Count Nikolay Mikhailovich Kamensky (; 27 December 1776 – 4 May 1811) was a Russian general who outlived his father, Field Marshal Mikhail Kamensky, by two years.

Life and career
Nikolay and his elder brother Sergei were educated at a cadet school. In 1787, he was appointed Aide-de-camp to his father. He participated in the Russo-Turkish War of 1787–1792. French count Louis Langeron, who fought on the Russian Army during this conflict, wrote in his memoirs about Kamensky's behavior during the war. According to him, after being upset by a storm that affected his army, Kamensky took all the Tatar prisoners his army had captured and beheaded them. Later, a Jewish person was tied naked to a post and cold water was sprayed on him, leaving him to freeze to death. Kamensky would later have burned down an entire village and left its inhabitants in the snow to die of cold and hunger, then taking all the surviving animals with his army.

Emperor Paul promoted him to Major General in 1799, the year when Kamensky chose to join Suvorov during the Swiss Campaign against Napoleon.

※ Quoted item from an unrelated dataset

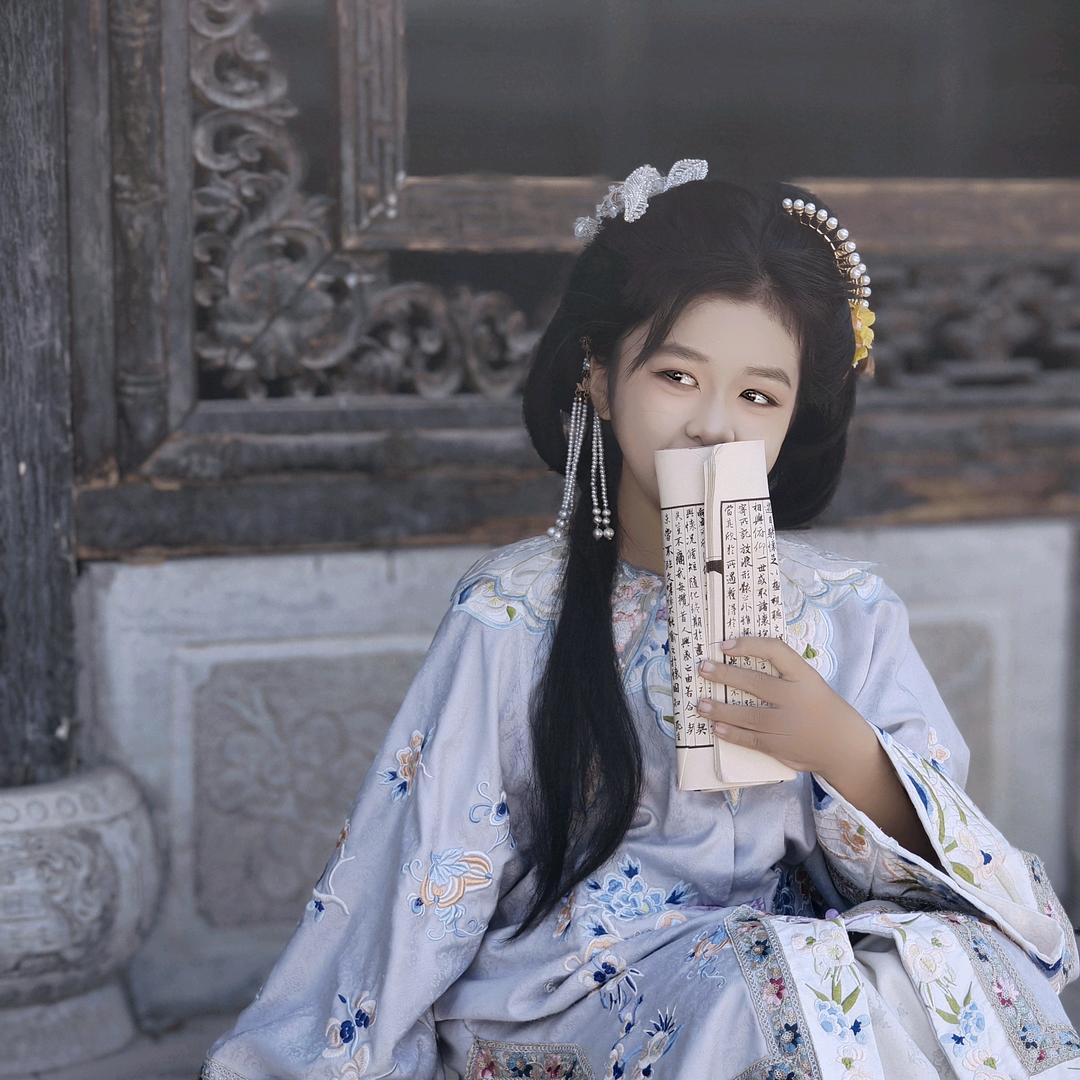 🍓史迪仔🍓头像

In the Battle of Austerlitz Kamensky, subordinate to Peter Bagration, lost 1,600 men and barely managed to escape alive. He distinguished himself at Eylau, for which he received the Order of Saint George. Thereupon he was sent with 8,000 soldiers to relieve the siege of Danzig but failed in his objective, losing as many as 1,500 men in the process. The following Battle of Heilsberg cost the lives of 1,700 soldiers under his command.

By the time the Finnish War — the most brilliant campaign of his career — broke out in 1808, Kamensky had a reputation for being reckless with his soldiers' lives. However, he was promoted to Full General in 1809 and achieved important successes against the Swedes at Kuortane and Oravais. It was he who came up with a daring plan of the Russian infantry's crossing the frozen Gulf of Bothnia from Finland towards Umeå and Åland, which forced Sweden to cede Finland to Tsar Alexander.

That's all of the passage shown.